One of the more impressive moves of the night came when Wiley drove left and scored on a tough, twisting drive. He also drove again and was fouled, making both free throws. His 13-point performance tied his season high against Division III St. Mary's, but considering the versatility he showed it was more impressive.

"My coaches and the staff always tell me get a layup first, or get yourself going for a layup, seeing me make a layup gives me more confidence in that situation," said Wiley, who wasn't cleared to play even pickup basketball until late this past summer.

After missing all of last season, Wiley's return to form has been slow at both ends. He came into the game shooting just 26.8 percent from the field overall (11 of 41) and 30.8 on 3-pointers (eight of 26). He also seemed a step – or two –  slow at the defensive end.

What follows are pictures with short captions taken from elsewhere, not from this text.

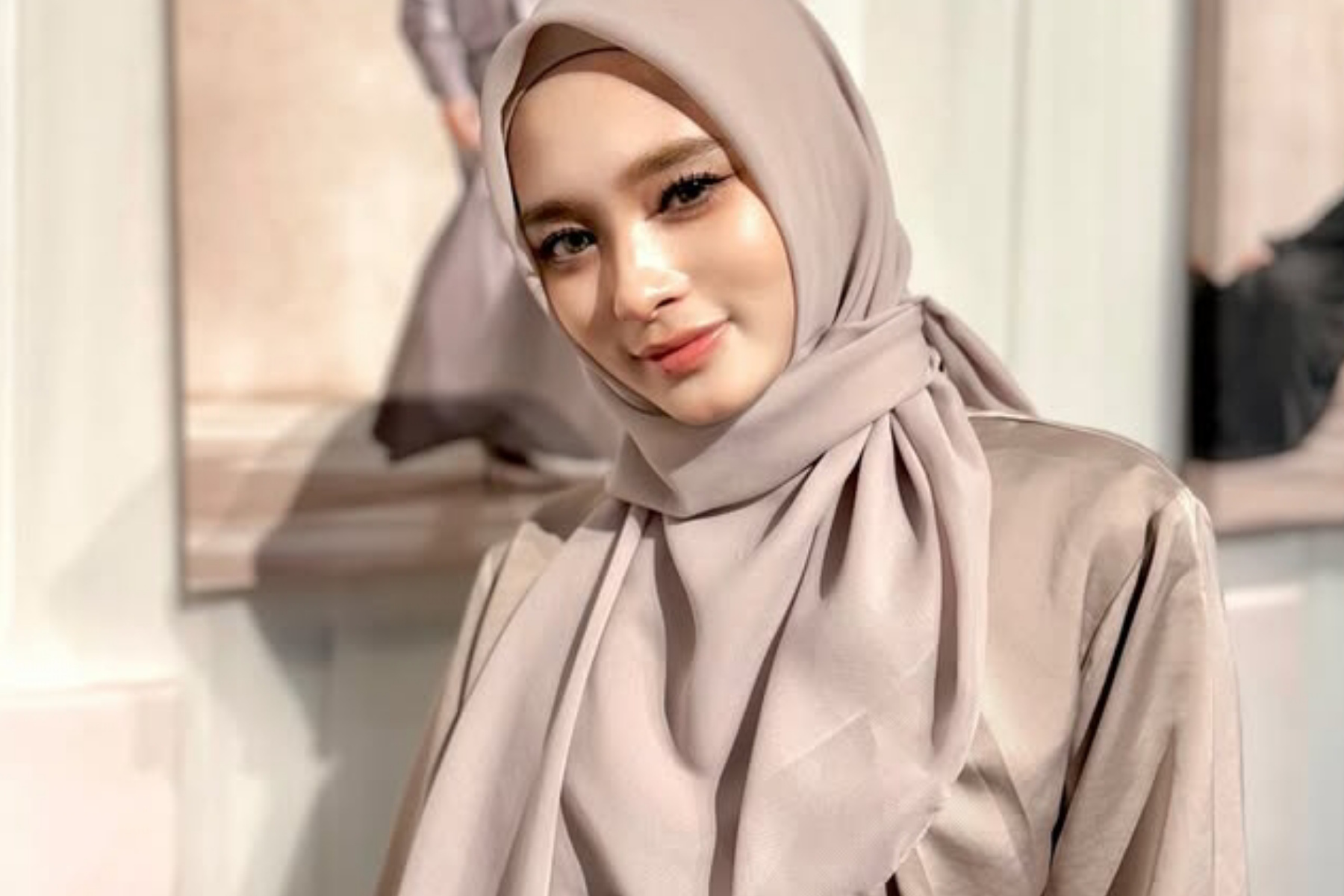 Curhatan Pilu Inara Rusli: Meminta Maaf pada Anak dan Memilih Damai di Bulan Ramadan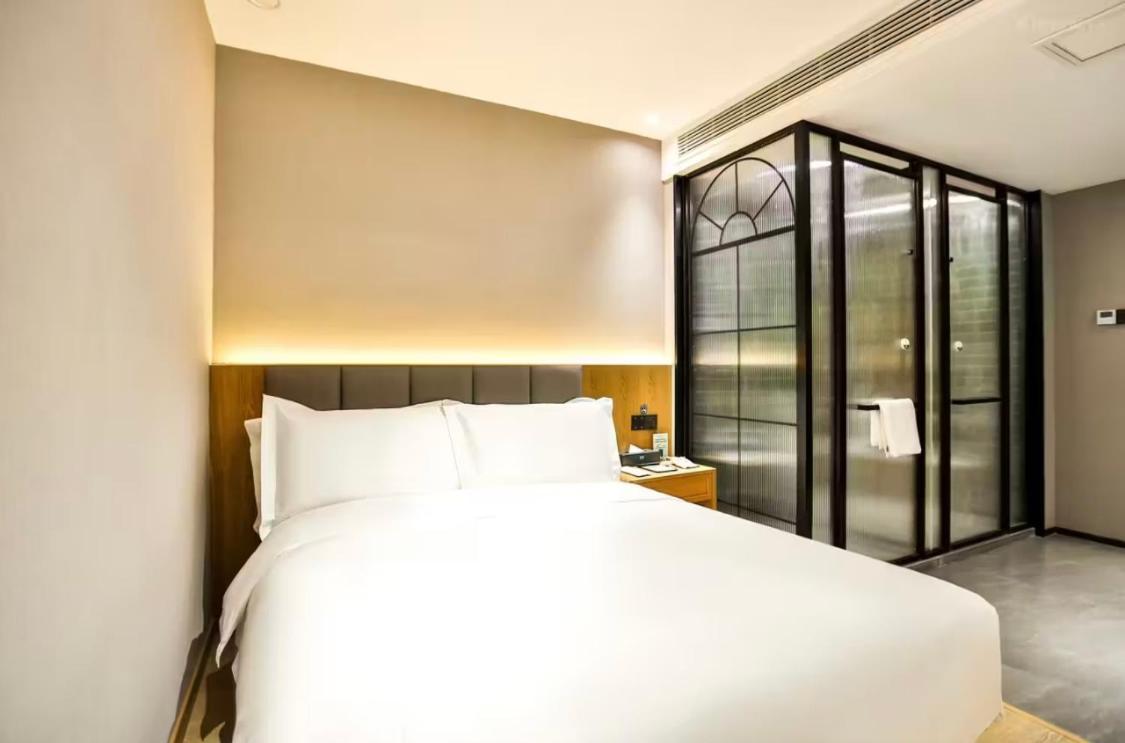 True Go Hotel - Shanghai Jing'An Temple Nanjing West Road Екстериор снимка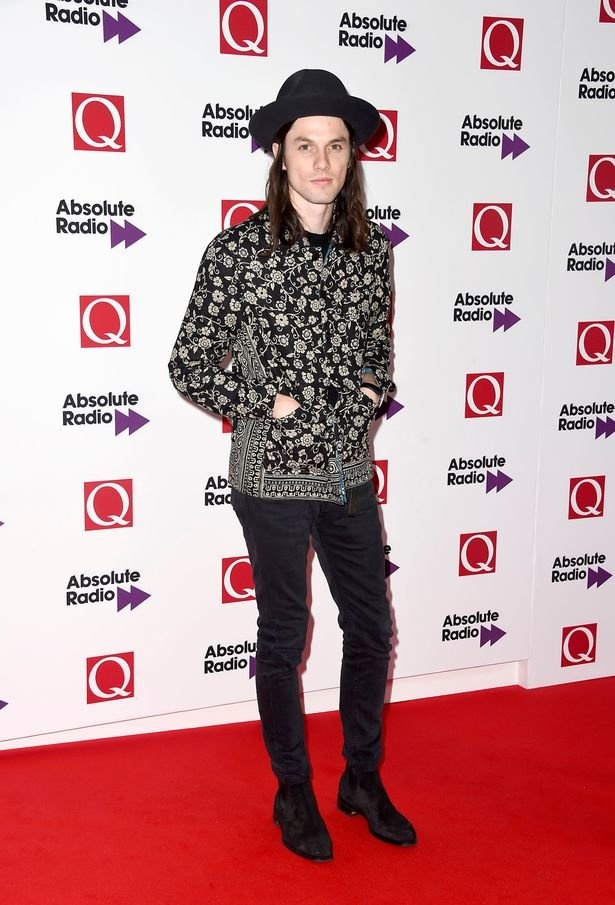James Bay trên thảm đỏ Q Awards. Ảnh: Mirror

It hasn't been for a lack of effort.

"Dion's been working, he's been coming early, staying late, doing extra sprints, doing extra running," Turgeon said. "He wants it. It's been hard for him to find a rhythm. Tonight, what he found late in the game I'm hoping is going to carry over for us."

Turgeon had hoped the same thing nearly a month ago, when Wiley hit four of five 3-pointers in a 48-point romp over St. Mary's. The next two games, in the Barclays Center Classic against Richmond and Kansas State, Wiley failed to score, missing all seven shots, including four 3-pointers.

Monday's performance came after Wiley didn't hit a shot in 18 minutes against Saint Peter's - going 0 for 3 from the field - and was part of the group that saw a 25-point lead dwindle to 10 in the second half, leading to Turgeon saying afterward that he wasn't going to use players strictly on past performance or potential.

Asked how close he is to being completely healthy, Wiley said, "I think I'm 100 percent. Just the flow of the game and just getting used to being back playing, and the speed of the game, I think it's coming back for me slowly but surely. It was a process."

Junior guard Melo Trimble, who is both Wiley's roommate and one of his closest friends, said it was good for the rest of the Terps to see.

"He cam e off the bench and really gave us a spark, hitting his jump shot and getting to the basket," said Trimble, who scored a team-high 23 points. "I was happy to see that, we really haven't seen that from Dion this year. Hopefully going forward he's going to really start to play and play well."